■ **TASK REQUIREMENTS**:
Nothing but the lines from the one including "Mundspiegel Rhodium Nr.5 24mm 12St" through the last line of the entries, restated exactly, should appear in the answer; omit the pictures.

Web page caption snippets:
^^^^^^^^^^^^^^^^
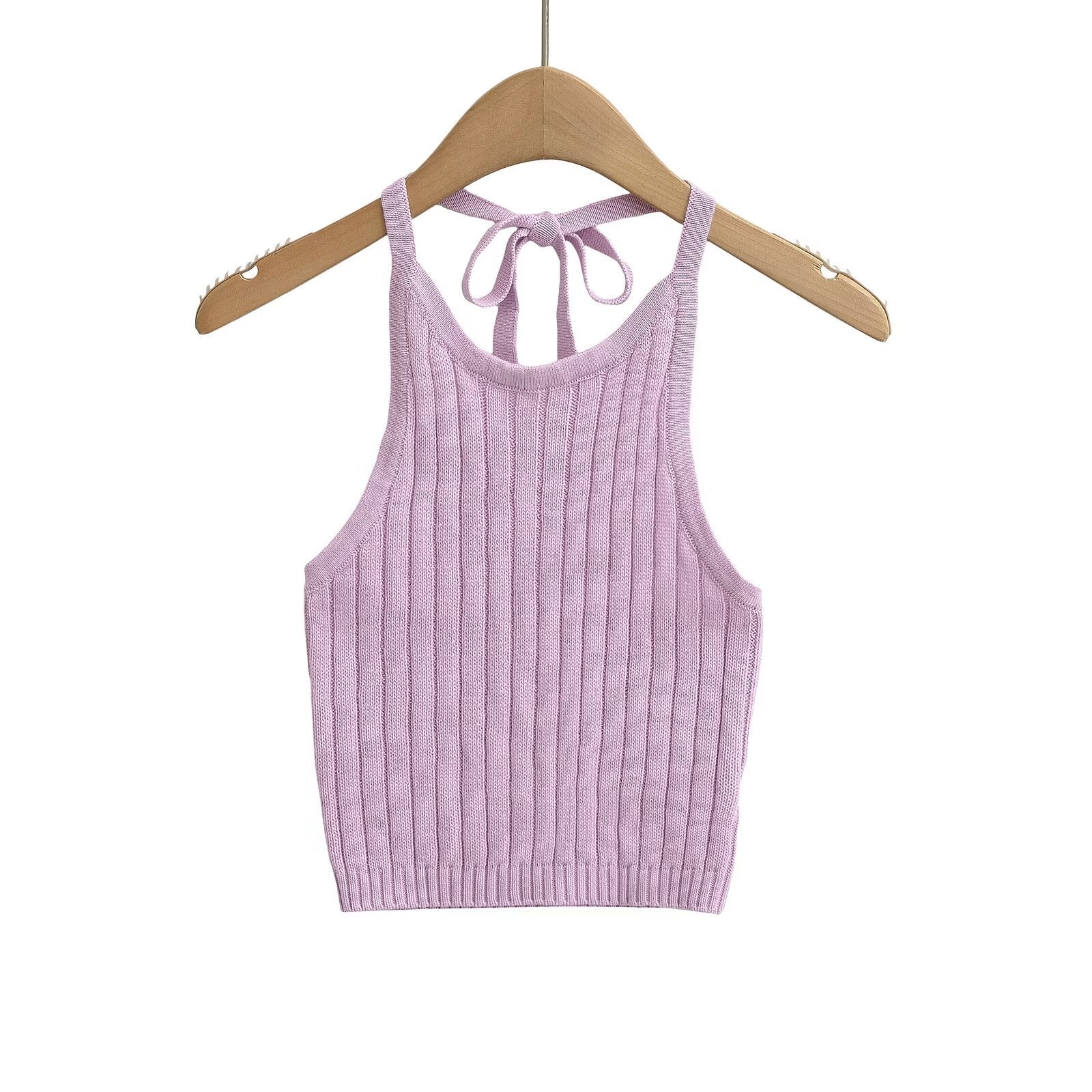Dam Topp Ärmlös Ribbstickad Lekfull Design 3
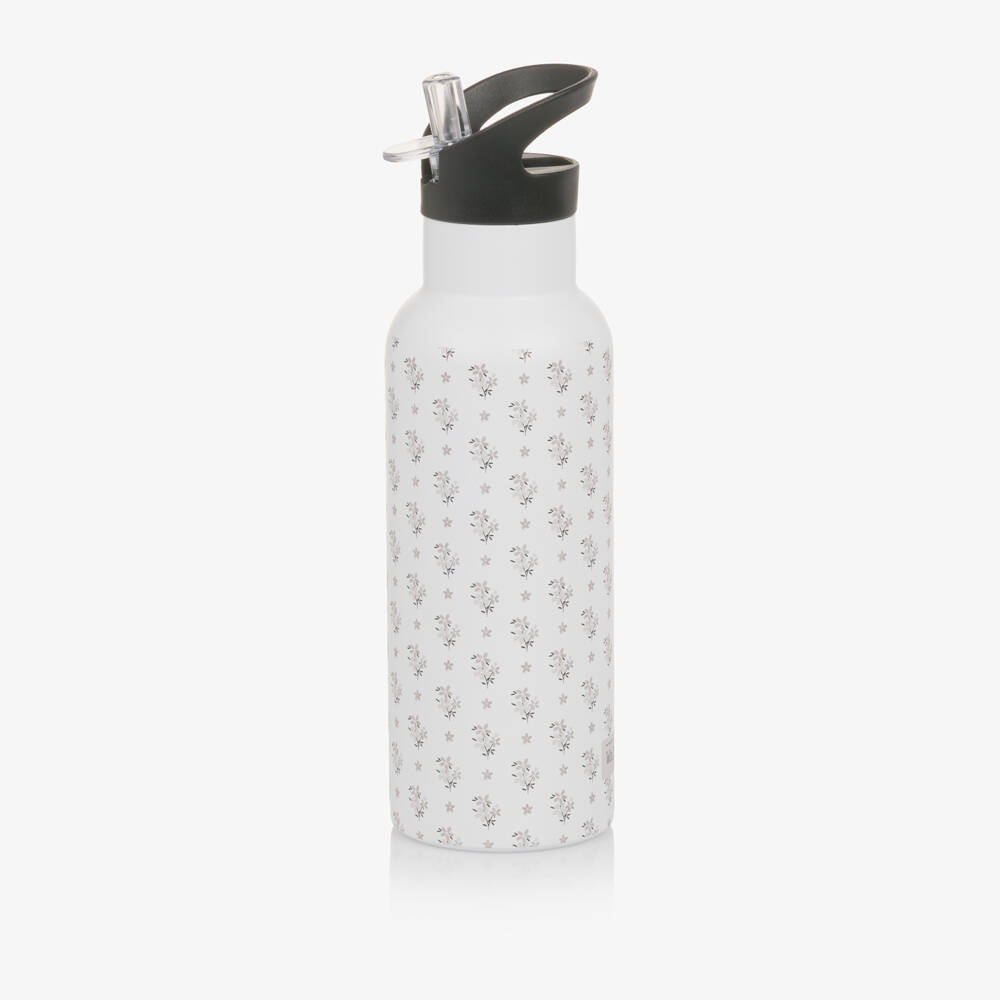 Pasito a Pasito Walking Mum-Girls White Insulated Drinks Bottle with Floral Print (25cm) | Childrensalon Outlet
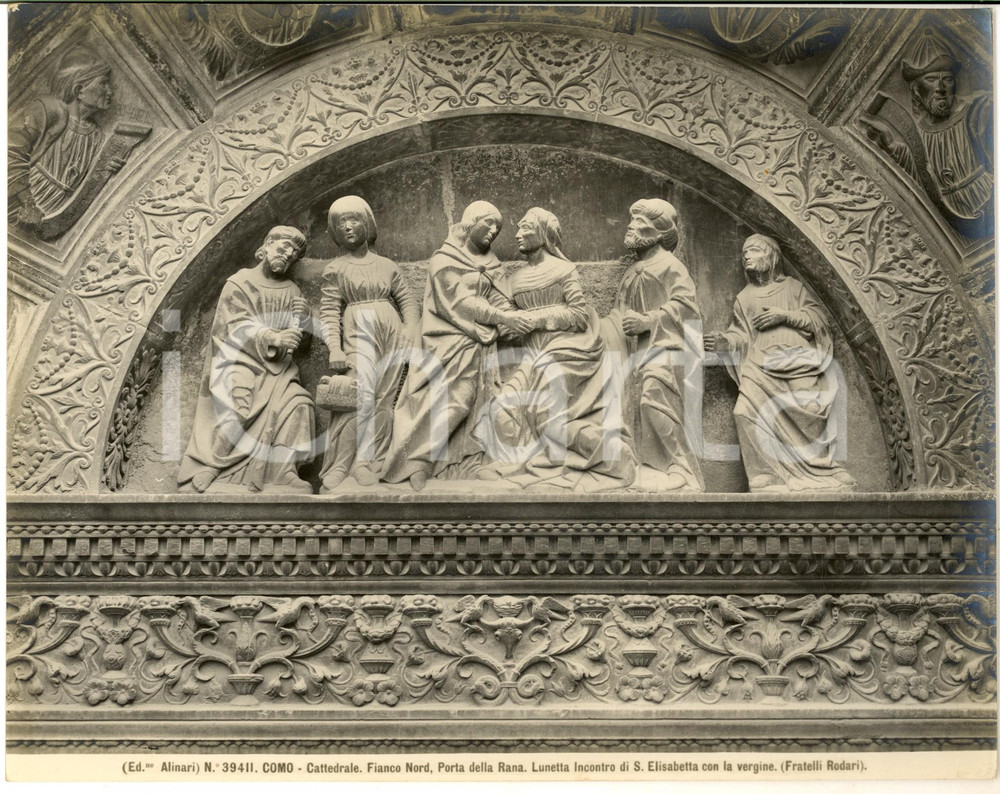 1935 ca COMO Cattedrale - Lunetta con S. Elisabetta e la Vergine *Foto ALINARI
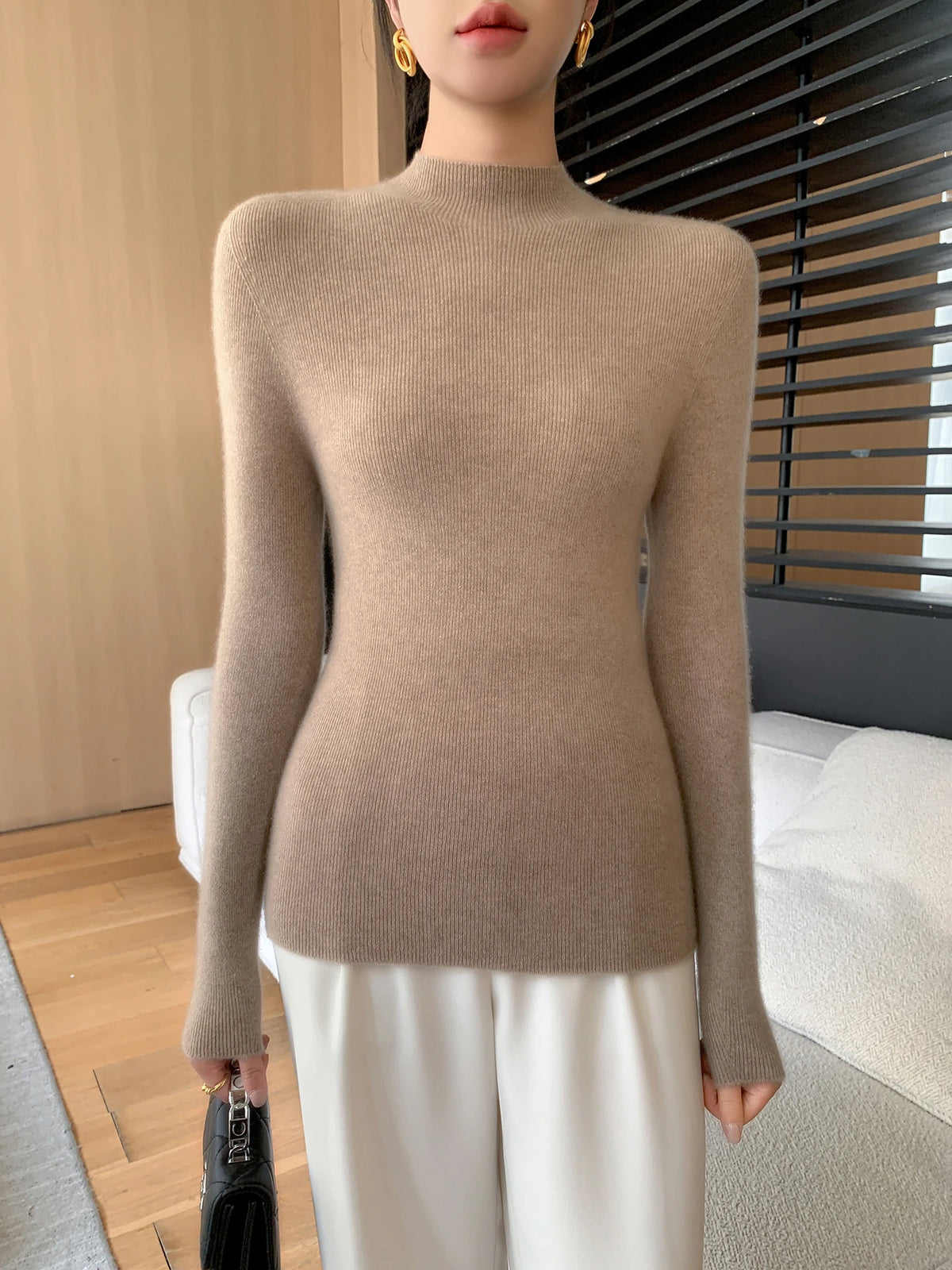 Fashion Woman Autumn Winter Sweater Elegant Female Merino Wool Knitwear Slim Pullover Cashmere Lady Long Sleeve Clothing Tops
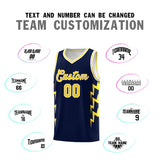 Custom Navy Side Lightning Pattern Sports Uniform Basketball Jersey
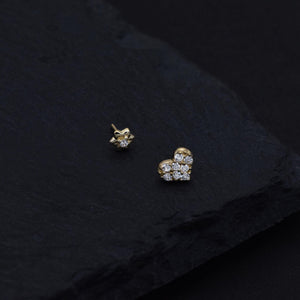 Dainty 14K Solid Gold Tiny Heart & Flower Flat Back Stud Earrings for Cartilage, Conch, Helix & Tragus.
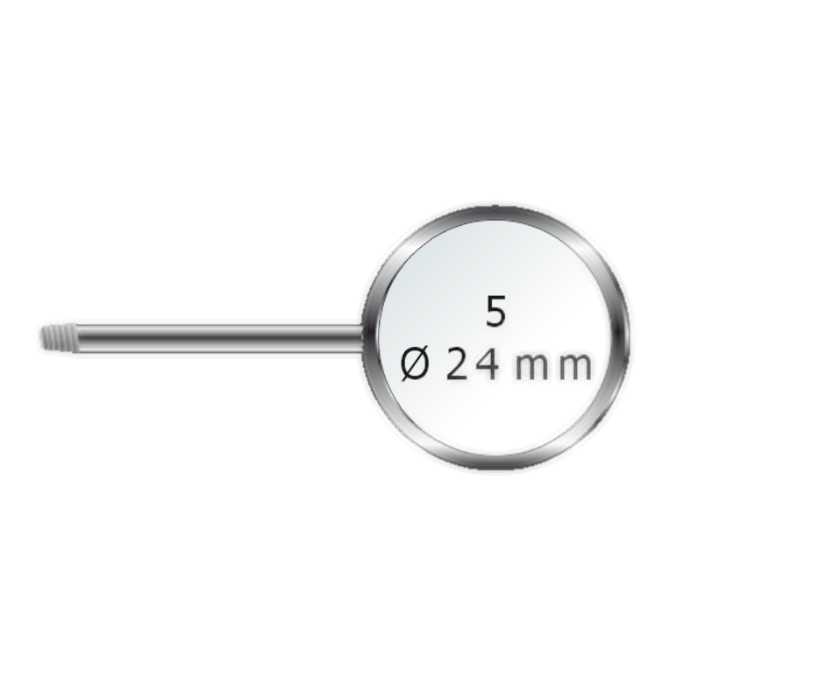 Mundspiegel Rhodium Nr.5 24mm 12St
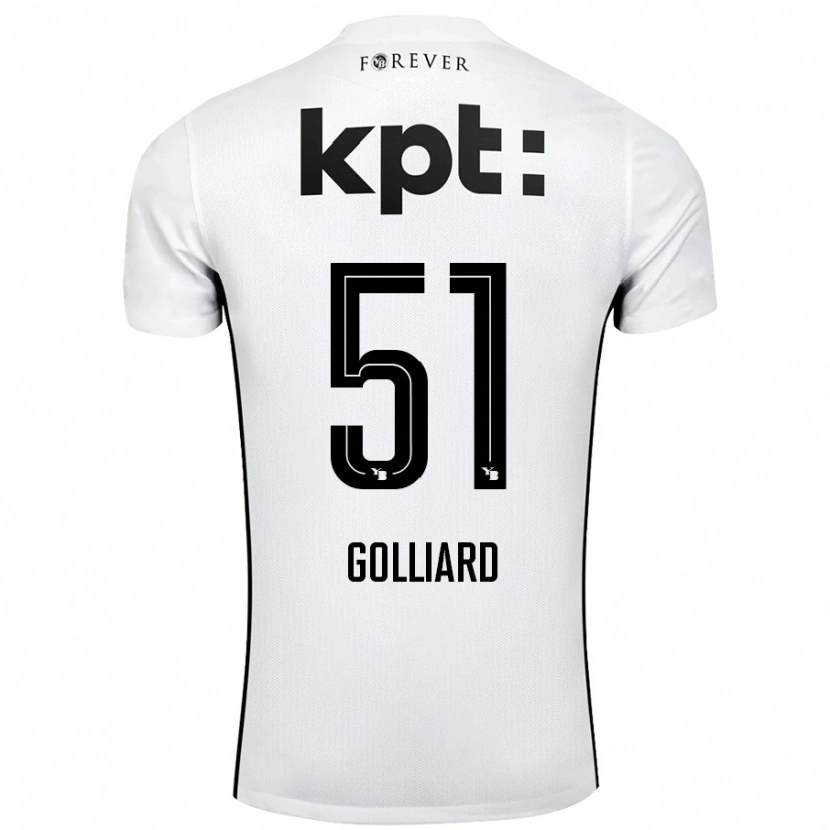 Danxen Kid Théo Golliard #51 White Black Away Jersey 2024/25 T-Shirt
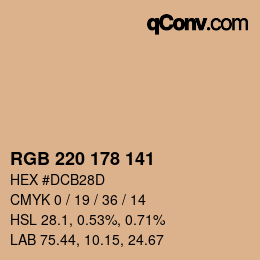 Color code: RGB 220 178 141 | qconv.com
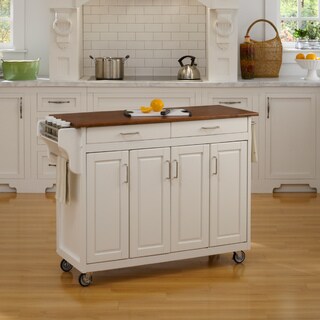 White Finish with Oak Top Create-a-Cart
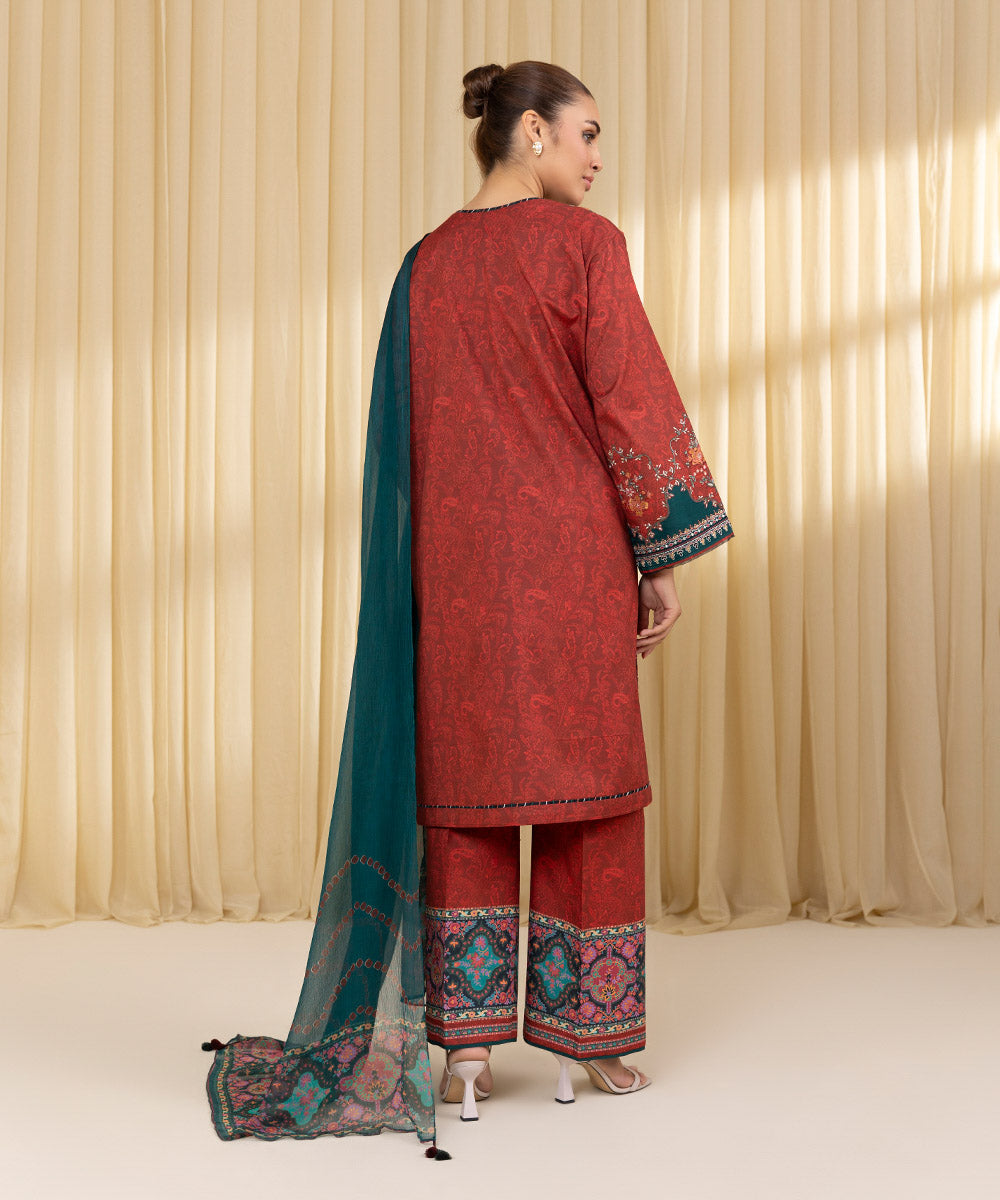 Unstitched Women's Red Lawn 3 Piece Suit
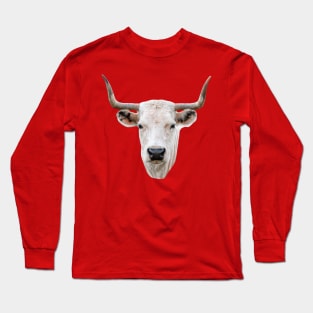 Striking head of a White Park Cow Long Sleeve T-Shirt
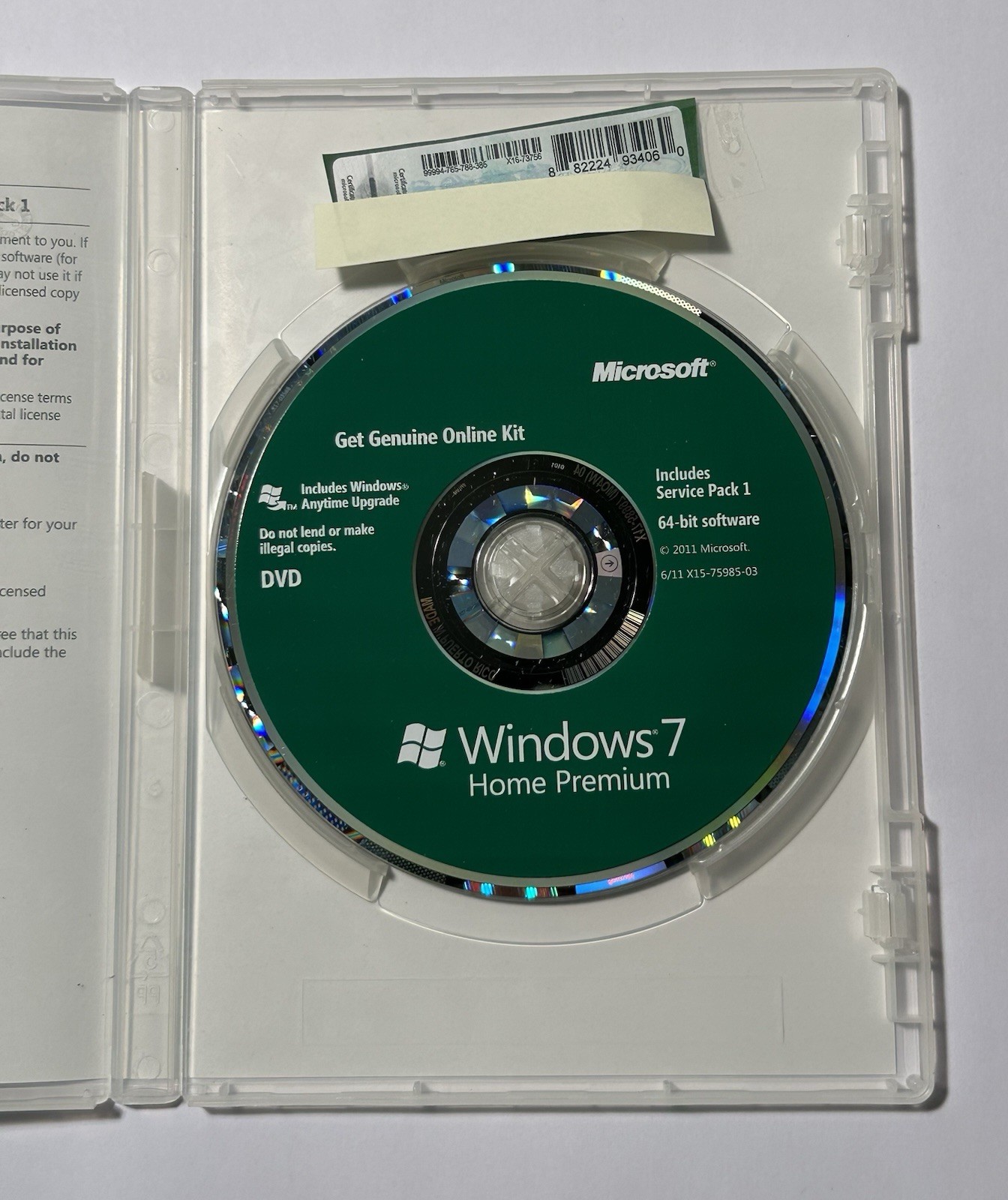Microsoft Windows 7 Home Premium Upgrade 2 Discs 32 & 64 Bit Genuine Kit W/ Key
^^^^^^^^^^^^^^^^
■ **EXERCISE RESPONSE**:
 Mundspiegel Rhodium Nr.5 24mm 12St
 Danxen Kid Théo Golliard #51 White Black Away Jersey 2024/25 T-Shirt
 Color code: RGB 220 178 141 | qconv.com
 White Finish with Oak Top Create-a-Cart
 Unstitched Women's Red Lawn 3 Piece Suit
 Striking head of a White Park Cow Long Sleeve T-Shirt
Microsoft Windows 7 Home Premium Upgrade 2 Discs 32 & 64 Bit Genuine Kit W/ Key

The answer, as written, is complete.